Good job, Chuckless….. hehehe Seriously, Brad, you did good. The wood is as good looking as it gets.. I don't know how making a box following this tutorial couldn't get any more simple than that. Thanks for posting it…...... Jerry (in Tucson)


----------



## KelleyCrafts (May 17, 2016)

More than one in a single mounting. I like it.


----------



## MrUnix (May 18, 2012)

> Good job, Chuckless…..


Shhhhhh!! I actually bought a Barracuda chuck a while back, so that title is not entirely fitting any more 

Using the chuck works just as well… however for some things, there is an advantage to using the threaded glue blocks. For example, you can mount/unmount the piece as many times as you need without worrying about alignment problems or the piece not running true when re-mounted. Here are a couple of boxes I made out of cedar that incorporated an epoxy inlay:










To make them, you need to mount/re-mount them a few times between steps, so you can do the epoxy work (notice that the epoxy does not extend all the way to the inside of the box). Since the glue block stays on the piece until it's completely done, and then parted off, it will always turn true when re-mounted.

BTW: The two bowls above were also made using threaded glue blocks.

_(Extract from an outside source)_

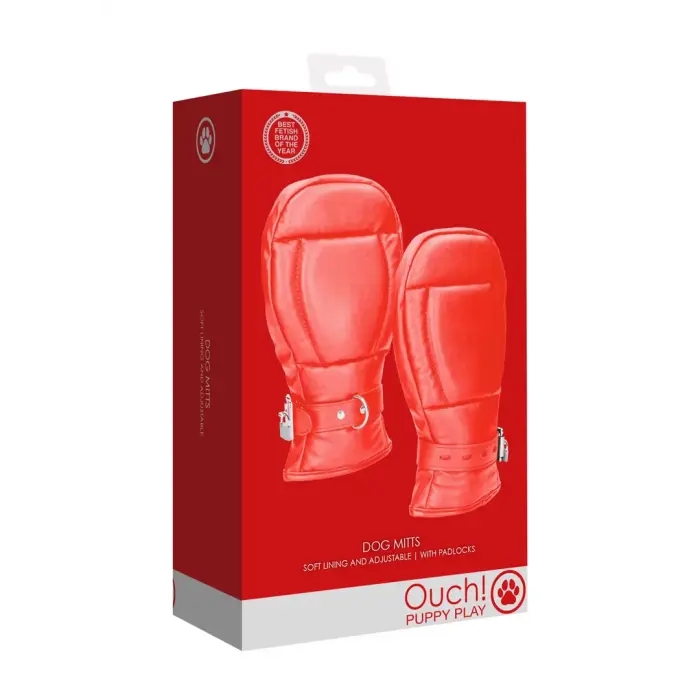 Ouch! Neoprene Puppy Play Gloves – Red
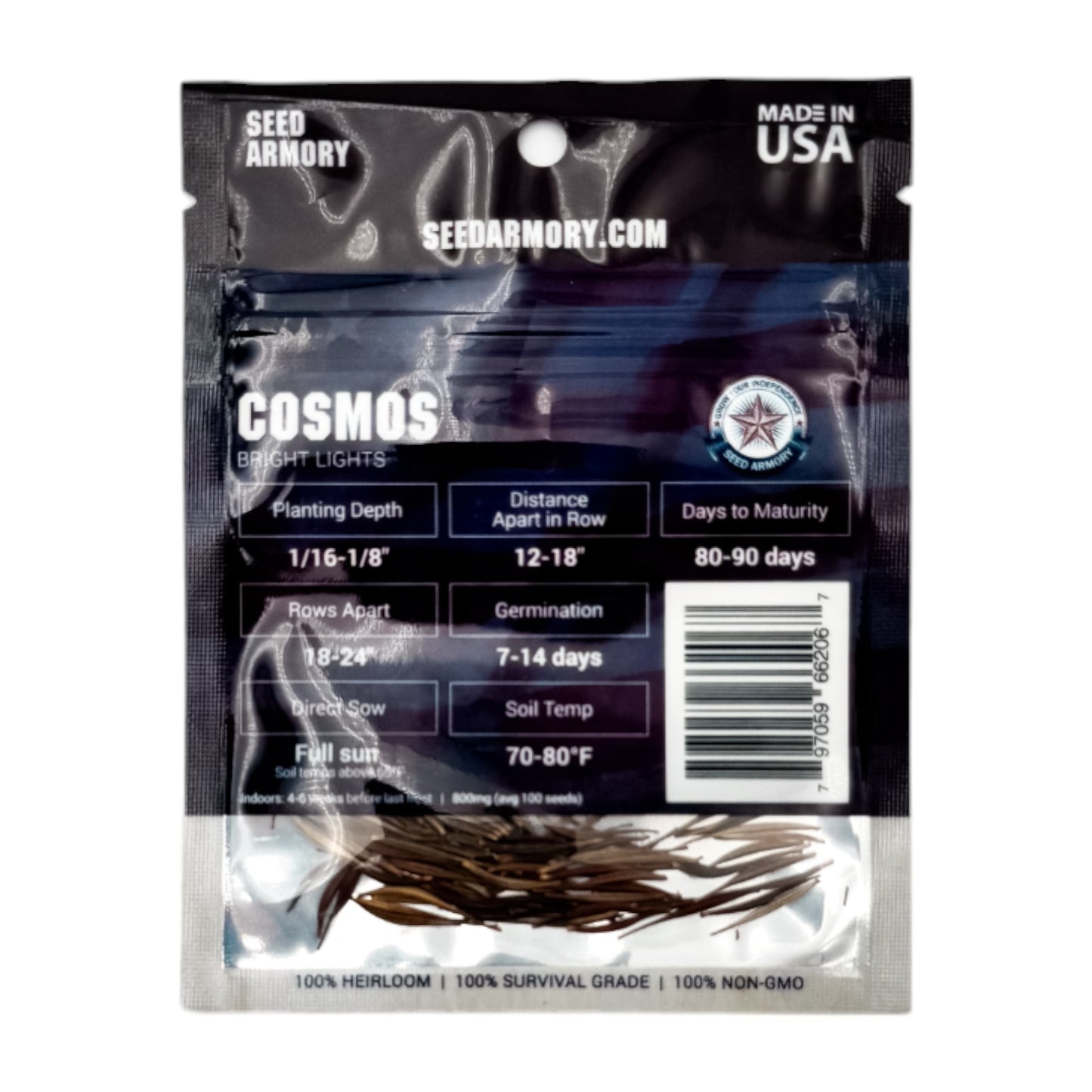 Reverse packet of Heirloom Cosmos Bright Lights seeds with planting instructions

And they were made from more spalted oak… I'm up to my eyeballs in the stuff ;-O

Cheers,
Brad


----------



## Nubsnstubs (Aug 30, 2013)

> Good job, Chuckless…..
> *
> Shhhhhh!! I actually bought a Barracuda chuck a while back, so that title is not entirely fitting any more *
> 
> ...


 Oh, Brad, you finally broke down and got one? Did Rick or myself finally shame you into getting one? Lol..

Ok, now that that's done, are you going to be doing larger stuff? If so, I have a deal for you that you can't refuse. PM me and i let you know what it is…...... Jerry (in Tucson)


----------



## MrUnix (May 18, 2012)

> Oh, Brad, you finally broke down and got one? Did Rick or myself finally shame you into getting one? Lol..
> - Nubsnstubs


Well, that may have been a small part pushing me in that direction 

Actually, my old Delta has an odd-ball spindle size, which really narrowed down my selections… and I didn't want to spend 4-5 times (or more) what I paid for the lathe just to get an odd-ball chuck. Once I got the Powermatic, it was a little easier. I still prefer to use threaded blocks on the Delta though, and I got another thread tap so I can make them (and other stuff) for the Powermatic as well.

Cheers,
Brad


----------



## helluvawreck (Jul 21, 2010)

This is an interesting technique. However, I would still prefer to use a chuck because I think it would be more foolproof and safer. *But I can understand your situation and your reasoning for using this method*.

helluvawreck aka Charles
http://woodworkingexpo.wordpress.com


----------



## wormil (Nov 19, 2011)

> Good job, Chuckless…..
> 
> Shhhhhh!! I actually bought a Barracuda chuck a while back, so that title is not entirely fitting any more
> - MrUnix


MmmmmHmmm, the lure was too strong.


----------



## Nubsnstubs (Aug 30, 2013)

Yep, Rick, when we can coax Brad into getting something that he says isn't really necessary, the force is strong within us. heheeh…....... Jerry (in Tucson)


----------



## Ricklesss (Jan 25, 2012)

Cool! Nicely written up!
I've been playing with the Beall mandrel that is an easy way to turn small ( 1 1/4" I.D or 2" I.D.) boxes or salt shakers, but this seems like, maybe, just maybe I could do it..
Thanks for your help, Brad!
Rick


----------